While the main reason home insurance premiums are higher in Northern Australia is the risk of cyclones and flooding, having stamp duties on insurance products levied on the premium paid doesn’t help and adds substantially to the cost. Eyeballing Figure 3.37 on p. 56 of the Final Report, it appears stamp duty is adding around $200 to the average cost of home and contents insurance in North Queensland.

The state government receives $65 million per annum from stamp duty on home, contents, and strata insurance policies in North Queensland (see Table 3.7 on p. 56), so, if it were going to abolish it state-wide, such a move would cost several hundreds of millions of dollars and, hence, may be unattractive to a fiscally challenged state government. The ACCC has thought of this, and notes state governments could instead make stamp duty proportional to the property value rather than the insurance premium, in a revenue-neutral fashion, a change which would still see the bulk of NQ households paying lower insurance premiums.

The state government should seriously consider the ACCC’s proposed changes to stamp duty on home, contents, and strata insurance.
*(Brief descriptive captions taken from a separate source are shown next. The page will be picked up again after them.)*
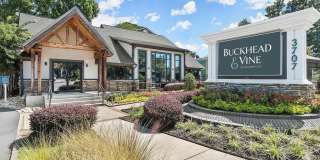 Buckhead and Vine Gallery 1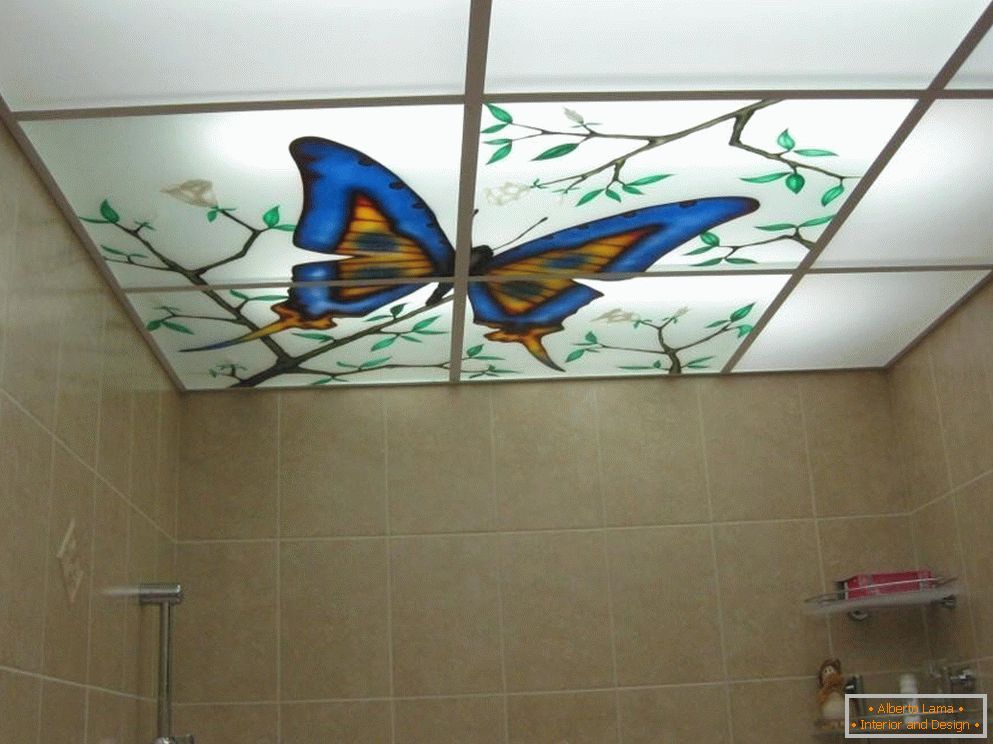 Fluture pe tavan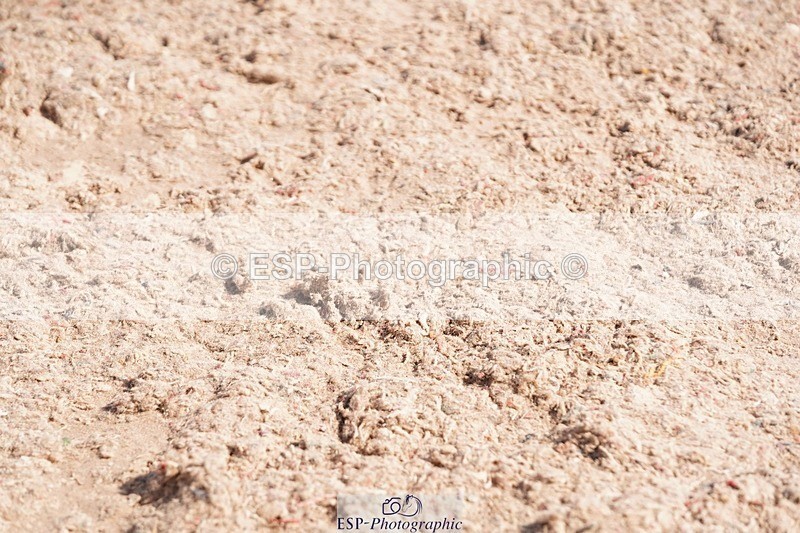 250510-100222-10194 - Cls 14 Snr 1.20m Open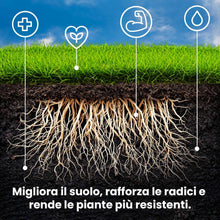 Carica l'immagine nel visualizzatore di Gallery, LERAVA STARTER concime prato autunno (15 m²) - ad alto contenuto di fosforo - favorisce crescita forte e resistenza del 
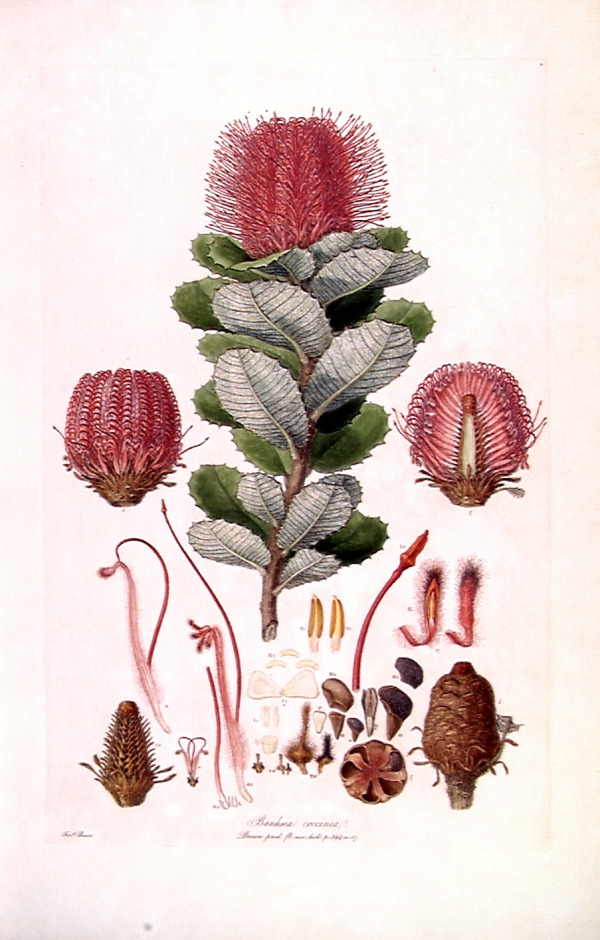 Banksia coccinea, plate by Ferdinand Bauer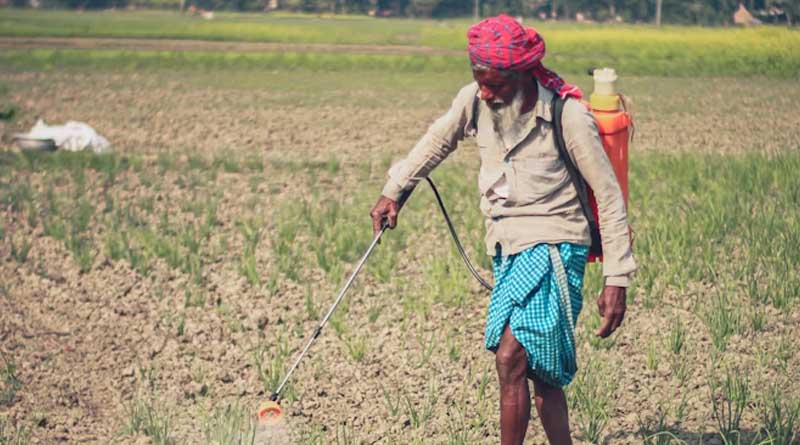 कीटनाशी छिड़काव से सुरक्षा के लिए मंत्रालय ने उठाया ठोस कदम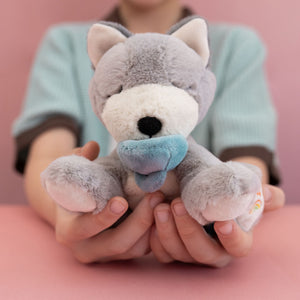 Dinkum Doll Puppy Recycled Plush Toy with a Magnetic Velvet Dummy.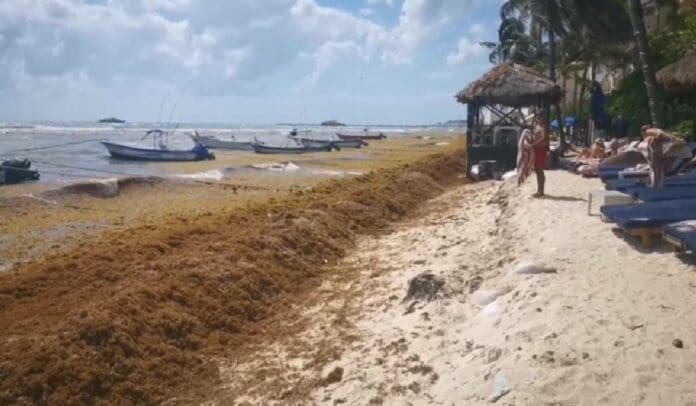 ¿ADIÓS AL RECODO? Autoridades analizan cerrar esta playa por excesivo recale de sargazo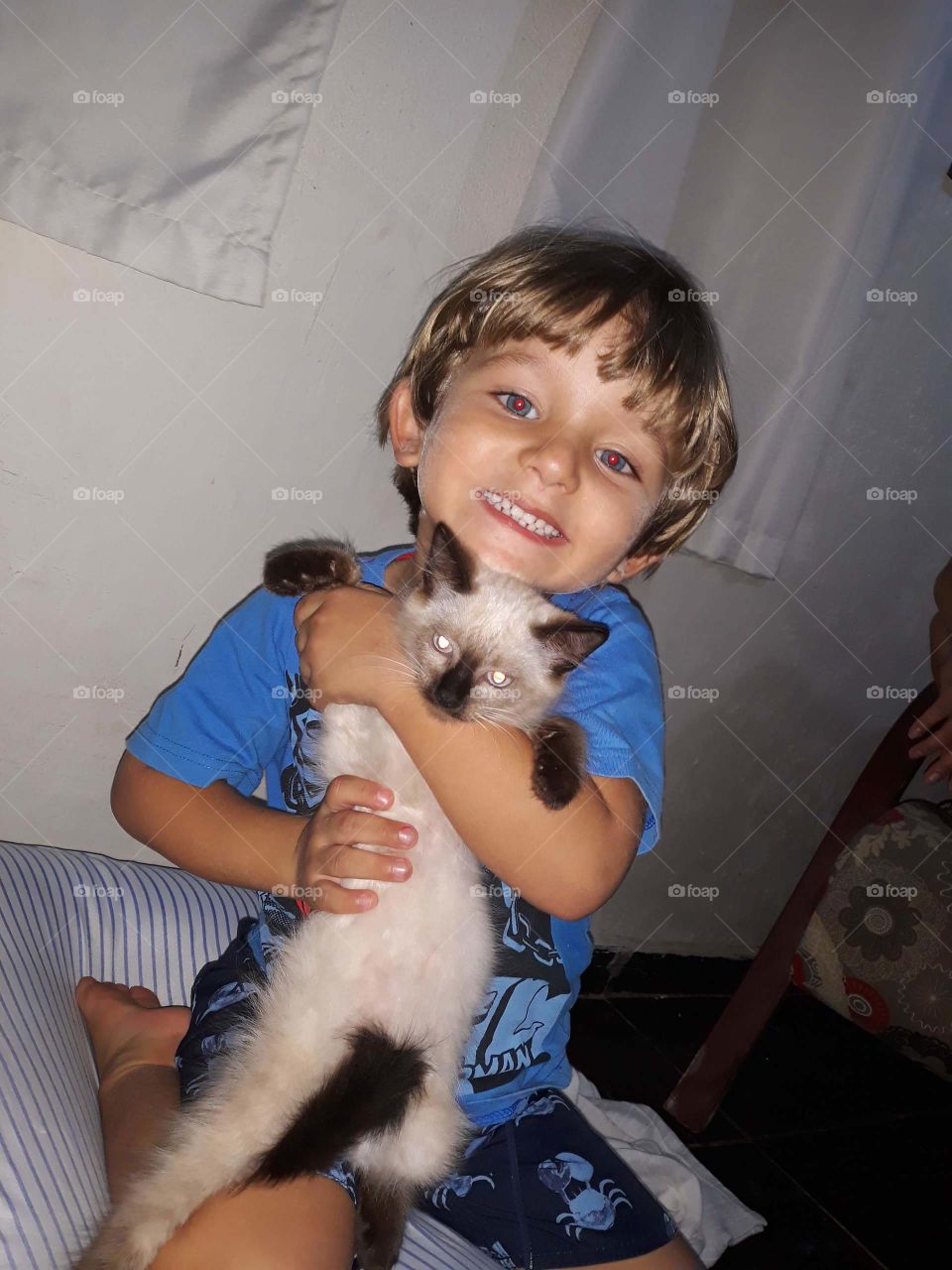 child playing with the kitten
Reading over all the ACCC’s recommendations, which include a range of improved transparency and disclosure measures among other things, a cut in stamp duty appears to be the recommended action most likely to generate some significant savings for North Queenslanders on insurance products.
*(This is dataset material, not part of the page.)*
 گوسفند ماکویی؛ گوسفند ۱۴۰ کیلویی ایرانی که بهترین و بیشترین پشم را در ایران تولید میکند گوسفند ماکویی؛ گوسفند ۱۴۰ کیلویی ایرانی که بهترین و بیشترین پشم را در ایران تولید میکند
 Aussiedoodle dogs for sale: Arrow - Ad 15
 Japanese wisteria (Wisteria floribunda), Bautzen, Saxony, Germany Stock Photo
Note I am assuming the federal government won’t choose to directly subsidise insurance premiums in Northern Australia, which the ACCC isn’t necessarily recommending, but says would be preferable to the government acting as a reinsurer (see Recommendation 8.1 on p. xxiv).
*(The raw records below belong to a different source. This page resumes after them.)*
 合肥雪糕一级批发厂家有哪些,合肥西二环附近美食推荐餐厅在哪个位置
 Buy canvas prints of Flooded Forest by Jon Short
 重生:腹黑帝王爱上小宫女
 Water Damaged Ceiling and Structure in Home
Let’s hope North Queenslanders can see some real relief on home insurance costs. They certainly need insurance given the huge damage that cyclones can bring. I well remember growing up in Townsville and hearing from my family members just how bad Cyclone Althea on Christmas Eve in 1971 was (see image below), and how important it was to be prepared for another cyclone. I recall various preparations such as taping up windows and some very heavy winds and rain several times in the eighties, but luckily Townsville was spared a direct hit when I was growing up there. Given the population growth in North Queensland which has occurred since the seventies, a direct hit of a cyclone on a large city would be even more devastating and costly nowadays.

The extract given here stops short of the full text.